Friday, April 19, 2024

The ‘BTS effect’: How Indonesia should learn from South Korean soft ‘economy’ power

Reading Time: 3 minutes
Valina Zahra





As the current biggest Korean boy band in the world, BTS has been proving its status by breaking barriers and records – in or outside music industry – around the world.

In the music industry, they grabbed number one spots in music charts and have won many awards. Outside the music industry, they have a global campaign called “Love Yourself” to fight against violence and give their speech in the United Nation as UNICEF’s global ambassadors.

BTS’ contribution to South Korea so far

“Bangtan economy” is a nickname for BTS as a credit for contributing to South Korea’s culture, economy, and industry due to their popularity.

The economic effect

According to the Hyundai Research Institute in 2019, the overall BTS effect in the economy was 5.56 trillion won per year in South Korea (US$ 4.9 billion). The institute predicted that BTS would create a total of 56 trillion won over 10 years from 2014 to 2023. A total of 7,928 more jobs were also estimated to be created by Dynamite’s entry at No. 1 in the Hot 100 chart in 2020 with 1.23 trillion won in production sector and 480 billion won were added to the value. According to the Bank of Korea Economic Statistics System, South Korea’s BOP (balance of payments) for music and entertainment in the first quarter of 2019 was US$ 114.7 million.

The tourism effect

A survey by the Korea Tourism Organization revealed the top five BTS-related locations. The Seoul Metropolitan Government also credited BTS with assisting in the recovery of Seoul’s tourism industry.

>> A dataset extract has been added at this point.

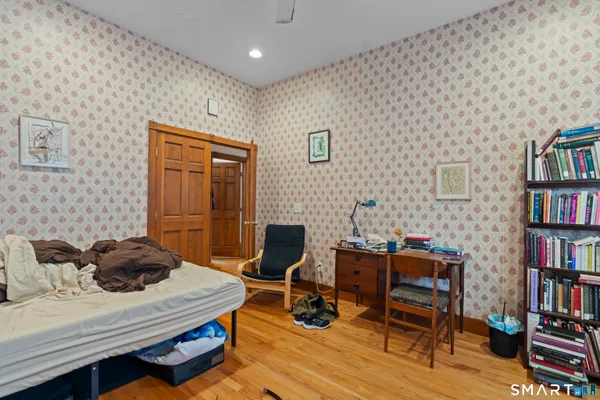 a view of a workspace with furniture and a bookshelf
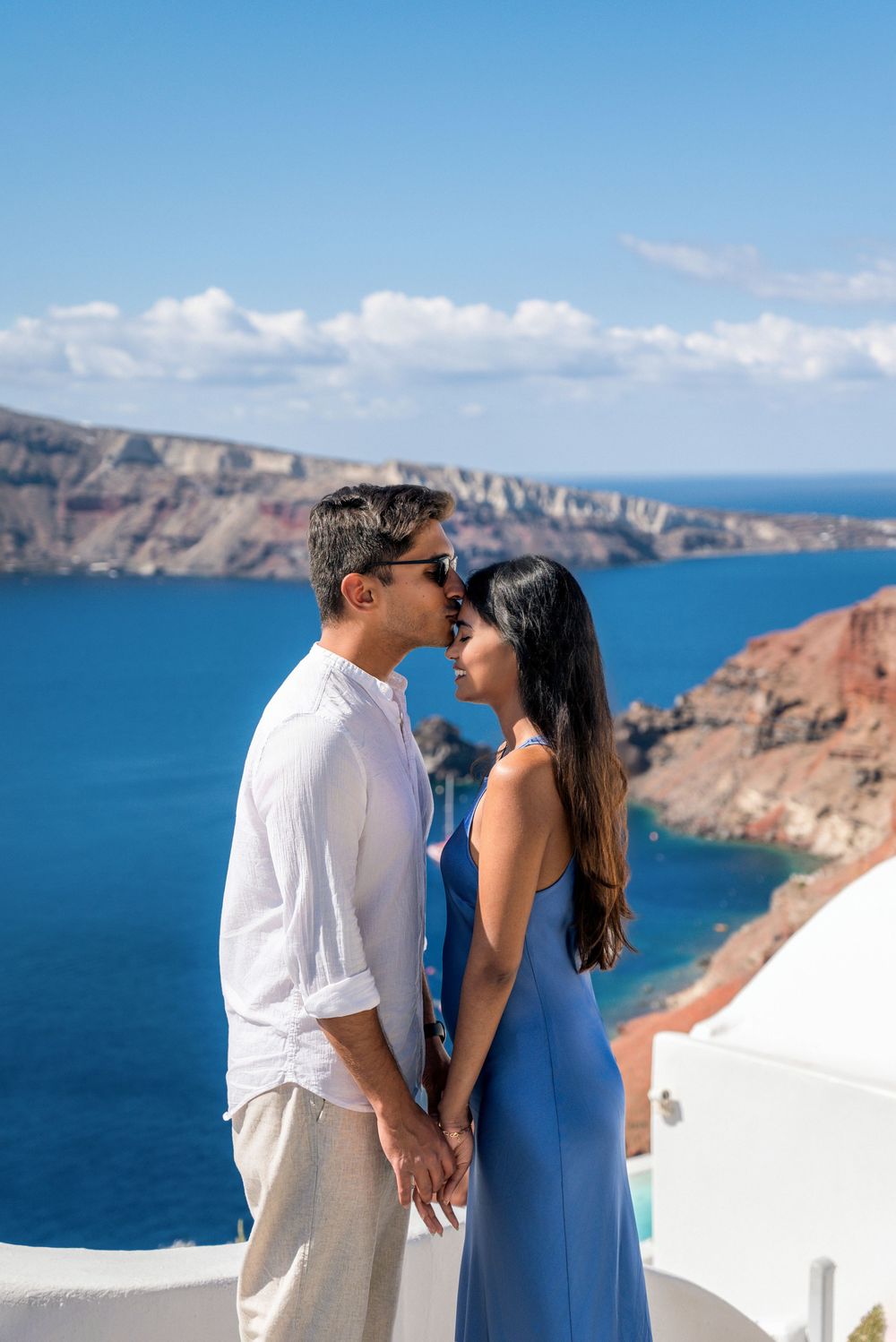 Romantic couple sharing intimate moments against stunning blue Mediterranean Sea views in Santorini, Greece.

The consumer goods exports effect

BTS has an annual influence on consumer goods such as clothing (US$ 2.026 billion), cosmetics (US$ 2.8 billion), and food (US$ 3.966 billion) in 2019. They also bring 600 billion won (US$ 504 million) profit Hyundai carmaker as the company’s global ambassadors.

BTS enlistment worry stakeholders

The day BTS announced their enlistment plan, the stock price of BigHit Music’s parent company, HYBE, plunged several percent. The enlistment created a worry among stakeholders and became a major debate in South Korea between society and the lawmakers.

In an interview with Reuters, Shinhan Investment Corp. analyst Ji In-hae said that “Sales from BTS will not disappear. Members’ individual activities, the release of content and photobooks already filmed and older album sales will be highly profitable. However, with the biggest moneymaker absent, the key [for HYBE] will be how much sales are made from new businesses.”

How Indonesia should learn from South Korean soft ‘economy’ power

It is not accurate to say that Indonesia cannot do “soft diplomacy” like South Korea. Every country has its own unique set of resources and priorities that shape its approach to international relations, and it is not fair to compare one country’s diplomacy to another’s in an absolute sense. That being said, it is true that South Korea has been particularly successful in using “soft power” as a tool of diplomacy. South Korea has been able to effectively use its popular culture, including music, television shows, and movies, as a way to build connections with other countries and to promote a positive image of itself internationally.

Indonesia, also has its own unique cultural assets that it can use to pursue soft diplomacy. For example, Indonesian cuisine, traditional music and dance, and natural beauty are all assets that could potentially be leveraged in diplomatic efforts. However, it is ultimately up to the government and other organizations within the country to decide how to best utilize these assets and what approach to take in their international relations. There are some lessons from South Korean that Indonesia can apply when it comes to its soft power diplomacy:

  • Consider to use their famous group band or an actress to be an influencer to speak up about some issues that happening in Indonesia;
  • Creative directors in Indonesia can actually create some spirits of the younger generation through dance and music to promote Indonesia;
  • Between private companies & government should work together in order to make the Indonesia’s soft power diplomacy successful.

Cultural cooperation between both countries is profitable for South Korea

There are many areas of cultural cooperation between Indonesia and South Korea. Here are a few examples:

Art and music: Indonesia and South Korea have a long history of cultural exchange in the arts and music. South Korean pop culture, in particular, has gained a large following in Indonesia, and many Indonesian artists have gained popularity in South Korea.

Film and television: Indonesia and South Korea have also cooperated in the film and television industries. For example, some South Korean films have been dubbed into Indonesian and have been screened in Indonesian theaters.

Education: Indonesia and South Korea have also worked together in the field of education. Many Indonesian students study abroad in South Korea, and South Korean universities have established partnerships with Indonesian universities.

Food: Indonesian and South Korean cuisine have both gained popularity around the world, and there has been cultural exchange in the culinary arts between the two countries.